I did find reference to removing the sensor (warning switch connector), starting the engine then reconnecting the sensor. This at least gave temporary respite from the yellow light. Also came across reference that if the light immediately came back on to check the wallet for potential engine replacement costs.
It may be worth noting that there are several references on the internet that state that a steady yellow light equates to a dirty filter and a blinking light means water in the fuel. This is opposed to the blinkin’ light won’t go off what do I do type situation.
Ok so I have a brand new filter and remaining issue of whether I am going to break the fuel filter housing or not.
Hey bright idea, check the New Hilux website and ask for assistance. So I composed a short question then went looking as to the most appropriate board to post on. Only problem is that it’s easy to get distracted by other stuff when visiting the site but viewtopic.php?t=16912
is helpful and made me feel better that I was not alone in my ignorance. But the answer is in viewtopic.php?f=29&t=2771&hilit=filter+replacement&start=220
and the post by 9W6VX. This links to a workshop manual and voila! AND the secret answer is “Using a screwdriver as a lever, loosen the fastener nut until it can be loosened by hand “. See not hard is it? Getting the answer maybe.

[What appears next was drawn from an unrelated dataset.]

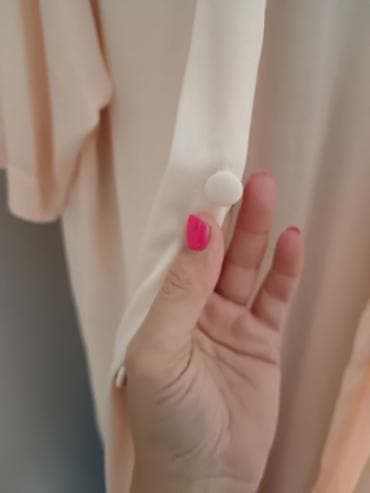 mantil xl: Bade mantil od svetloružičastog/sedefastog šifona, dužeg kroja. - — 2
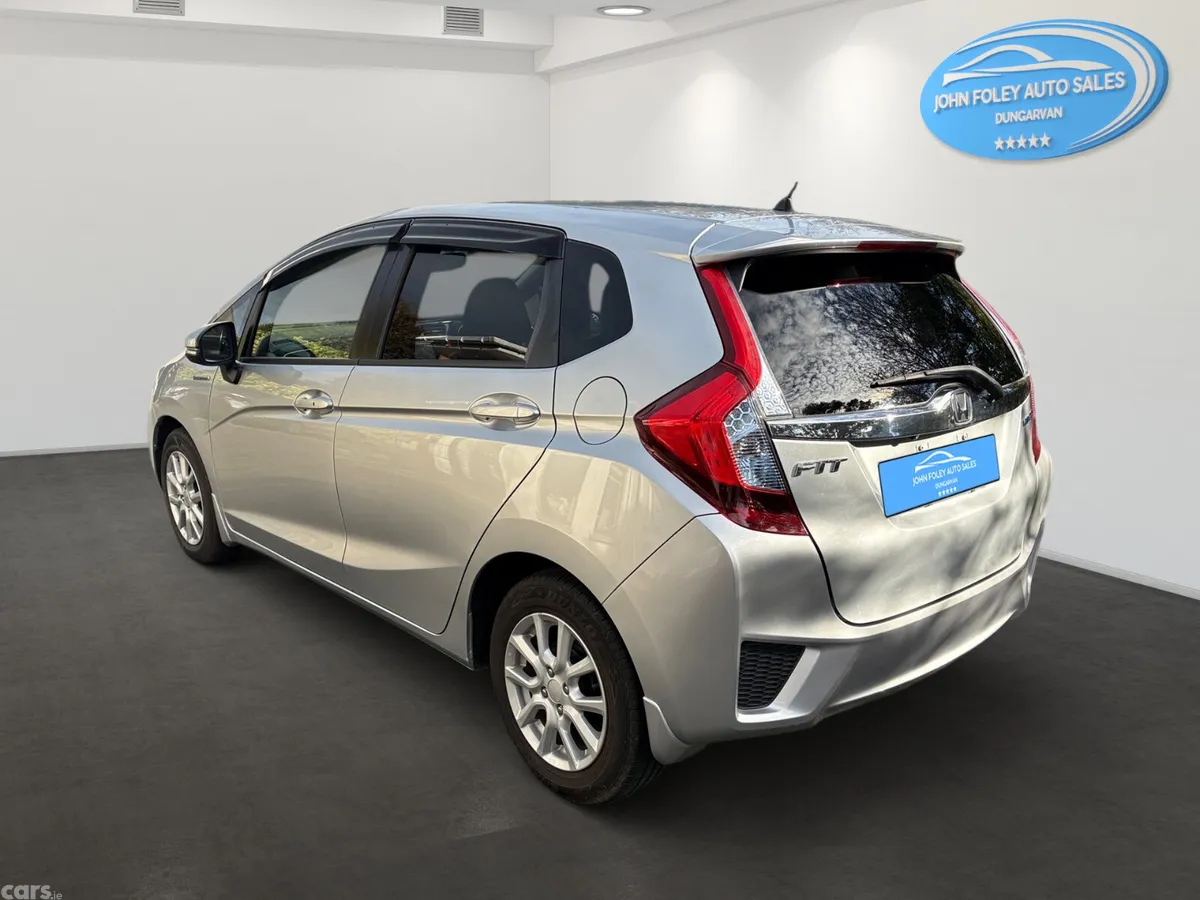 Honda Fit Hatchback, Petrol Hybrid, 2017, Silver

Oh yeah there was one other thing.
I toddled off to Toyota to pick up a spare filter and was given a filter that bore no resemblance to the one I was using. Despite querying this three times I was assured it was the correct filter. Instinct said it wasn’t but as a mere mortal I thought there was a possibility that the filter may have been reengineered to a better model. No, instinct was correct so three trips to town, one correct spare fuel filter and now am fitting a Waterwatch!
Actually regardless of how this appears this is actually a shortened version of events and I have omitted reference to the fun actually involved in purchasing the correct filter.